To the Editor:

(Madison, NY – March 2013) As an advocate of wind power, but worried about having gigantic industrial machinery around peoples’ homes, I’ve heard talk that Town of Madison public servants, people we elected, are not acting on a “wind law” to protect our Town.  So I read the proposed law, and attended Planning Board and Town Council meetings to see for myself.

The proposed law establishes compromise setback distances that protect citizens unwilling to sign leases, and also those willing to sign leases.  Four February and March meetings revealed that Board and Council have done nothing to discuss or approve the report submitted in January with unanimous approval of their Wind Advisory Committee, appointed by the Planning Board that is appointed by Town Supervisor Ron Bono.

The Planning Board is hampered by failure of members to attend meetings—members appointed by Supervisor Bono.  The Board agreed to a workshop to discuss the proposed law–including Town Council, Wind Advisory Committee, and open to the public.  But, without explanation, Super Bono announced no joint meeting will occur.  The Board instead will have a workshop without the Council and without the Wind Committee who wrote the proposed law.

Less expertise and less communication are better, Mr. Bono?

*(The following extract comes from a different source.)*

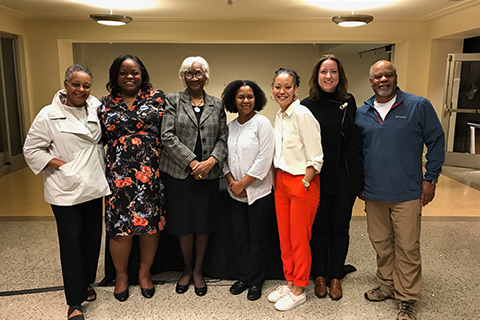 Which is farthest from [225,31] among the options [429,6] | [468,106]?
[468,106]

Citizens attending meetings are obviously frustrated that nothing is getting done, public discussion is being stifled, and bullying is masquerading as management.  I have no confidence that Bono is capable of leadership to enable the Town Planning Board and the Council to address important matters.  When is the next election?

Scott Kraly, Town of Madison


By martha

One thought on “No Confidence in Bono’s Leadership”
  1. If you are an advocate of wind power, you must realize that the proposed ordinance will certainly prevent any wind power project in the Town of Madison. That’s the intent of the ordinance and why this push for its acceptance. As for bullying, no one has done more bullying than Madison Matters. Finally, the Town government is exercising its authority, instead of letting Madison Matters take over its functions for which it was elected.